Un tema tan delicado y humano en manos de otro director que no fuera David Frankel, autor de comedias como El diablo viste a la moda o Marley y yo, hubiera provocado, por la dimensión emocional del tema, un verdadero shock en cualquier alma sensible. Acá solo suscita, en algún momento que otro, mínimas reacciones, porque es imposible que el corazón no se encoja como una esponja cuando se presencia una tragedia de este porte. Y todo eso debido a que un guion realmente calculador y efectista, perteneciente a Alan Loeb, convierte a la historia en una peripecia de trascendentalismo superficial y pomposo, de corte evangelizador, que le sustrae toda la posibilidad de verosimilitud, de acceso genuino a la emoción del espectador. Ya desde el comienzo, cuando antes de su desgracia, se lo ve a Howard bajando línea a sus arrobados subordinados y propinándoles grandes y mentirosas frases sobre la publicidad –como por ejemplo que ella no busca vender productos sino hacer feliz a la gente-, ya se nota la punta del iceberg de una retórica ampulosa y vacía que predominará en toda la película. Esa retórica, en la forma de una “filosofía profunda”, adelanta lo que ocurrirá en la próxima hora y media, pero es verdad que lo que sigue es peor a cualquier alternativa que uno pueda imaginar.

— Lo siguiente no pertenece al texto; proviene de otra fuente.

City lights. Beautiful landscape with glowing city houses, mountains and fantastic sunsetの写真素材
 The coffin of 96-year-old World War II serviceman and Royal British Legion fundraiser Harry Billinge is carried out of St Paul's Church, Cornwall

Una de esas incongruencias es que, en su terrible depresión, a Howard no se le ocurre otra cosa que enviarle cartas a la Muerte, el Amor y el Tiempo. Les envía cartas escritas a mano donde se les queja por no ser lo que dicen ser. Y sus amigos, que descubren lo que hace, han contratado a una investigadora para conseguir datos y ver si de esa manera consiguen declararlo loco. Necesitan vender la agencia que se ha ido a pique desde que Howard entró en crisis y de ese modo salvarse. ¡Divinos amigos, quién no quisiera tener unos así! Preparan entonces un plan para conseguir ese objetivo: contratan a tres actores, que encarnan a esas tres abstracciones (la Muerte, el Amor y el Tiempo) y se le presentan, cada uno por su lado, para recriminarle a Howard lo que les ha reprochado por carta. Las vicisitudes mágicas no se detienen allí y, de la mano de un guionista que se entusiasma, siguen en claro ascenso hasta llegar a límites absurdos, convirtiendo a la fábula en un despliegue de esoterismos y epifanías a granel. Lo que no está mal si, de entrada, la película no hubiera plantado la filmación como un relato realista. No más datos. Quienes la vean podrán completar la lista de los hechos que conducen a Howard a tener una nueva oportunidad en su existencia, a recobrarla en parte y, sobre todo, a evitar que el dolor, aunque subsista, no le impida seguir viviendo, no haga de él un ser despojado de todo hálito vital.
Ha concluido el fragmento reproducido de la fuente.